◆ **Problem statement**:
In the entries below, which lines run from the one with "Clouds wind glasses" through the one with "Amethyst Agate Wing Heart with Stand"? Repeat exactly those, both included, and no pictures.

◆ **Study material**:
↓
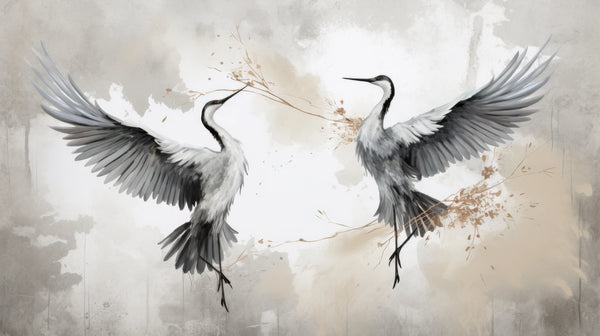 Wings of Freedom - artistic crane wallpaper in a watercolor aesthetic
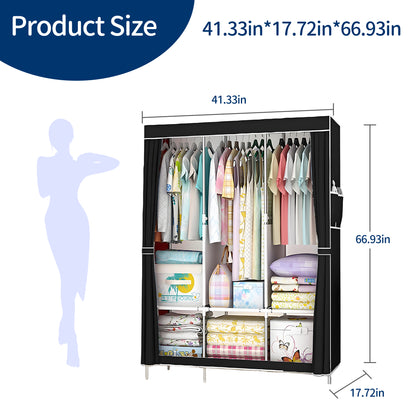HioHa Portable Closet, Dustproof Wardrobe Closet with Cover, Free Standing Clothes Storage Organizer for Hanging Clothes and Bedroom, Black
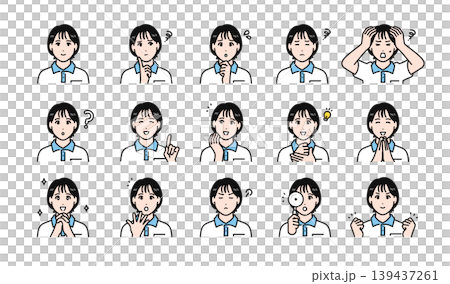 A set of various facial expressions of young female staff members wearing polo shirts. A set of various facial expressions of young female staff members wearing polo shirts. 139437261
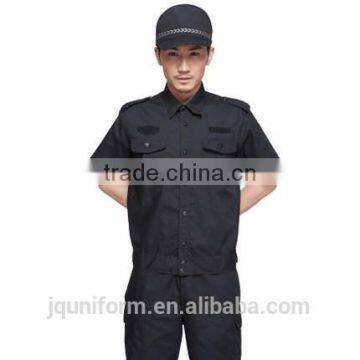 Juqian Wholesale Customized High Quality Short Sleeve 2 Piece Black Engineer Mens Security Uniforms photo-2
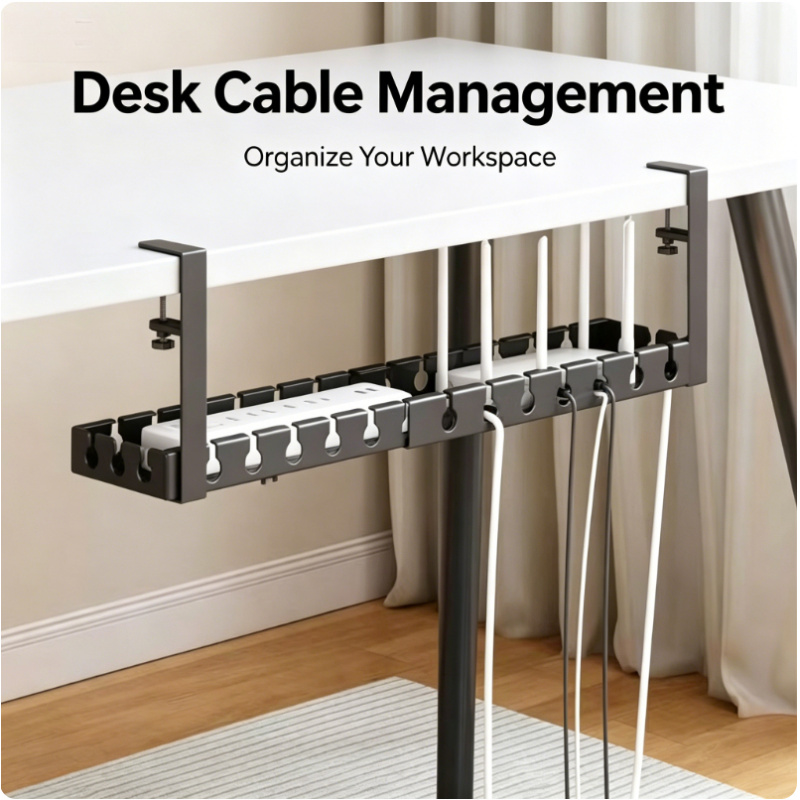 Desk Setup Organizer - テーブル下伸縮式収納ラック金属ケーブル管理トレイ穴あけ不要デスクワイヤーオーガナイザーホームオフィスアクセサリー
↑
↓
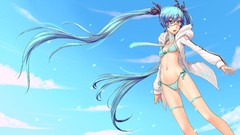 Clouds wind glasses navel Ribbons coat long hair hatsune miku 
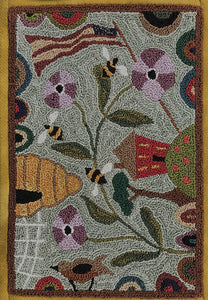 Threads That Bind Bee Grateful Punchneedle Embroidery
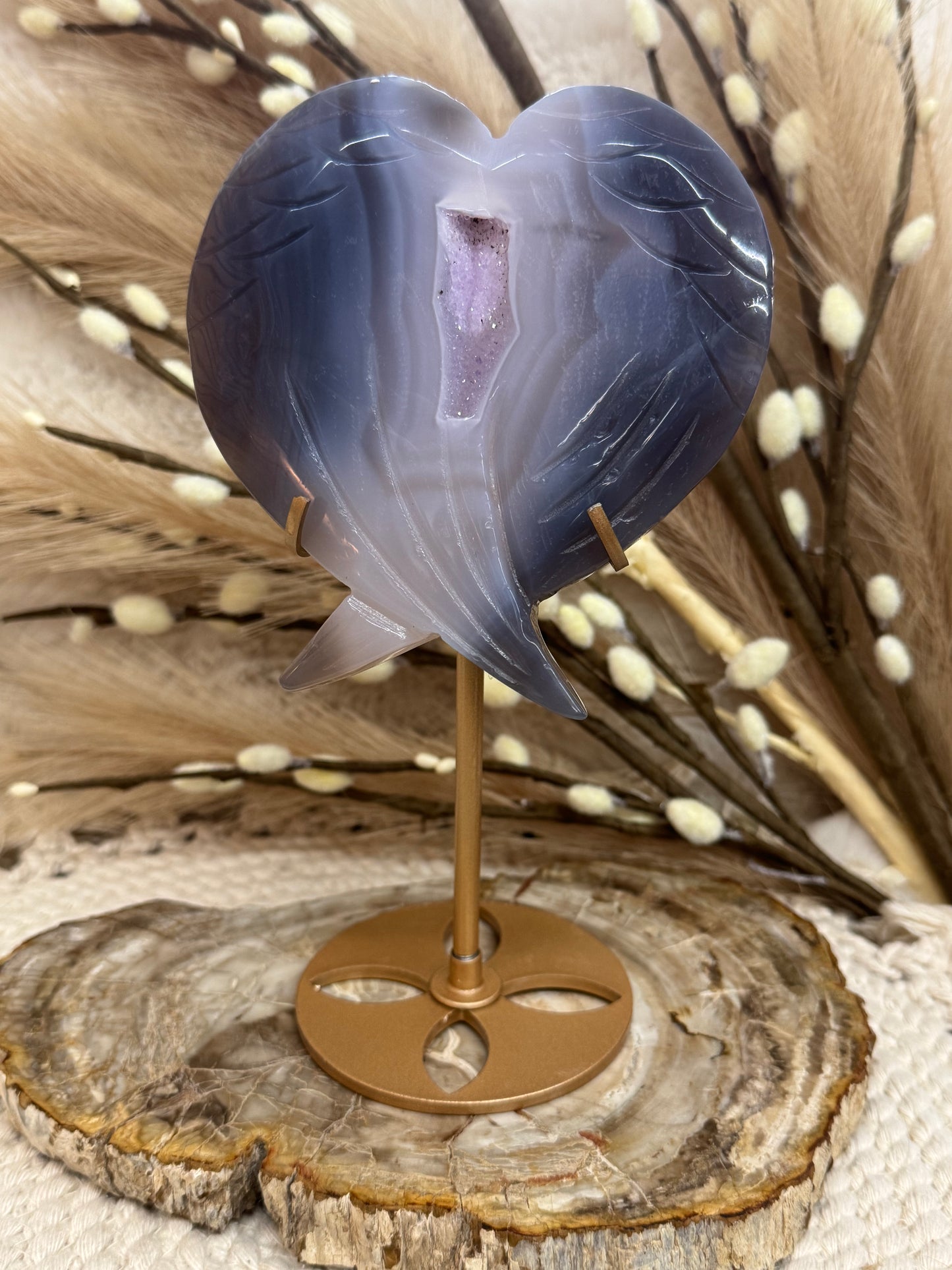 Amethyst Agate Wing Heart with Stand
↑
◆ **Your response**:
 Clouds wind glasses navel Ribbons coat long hair hatsune miku 
 Threads That Bind Bee Grateful Punchneedle Embroidery
 Amethyst Agate Wing Heart with Stand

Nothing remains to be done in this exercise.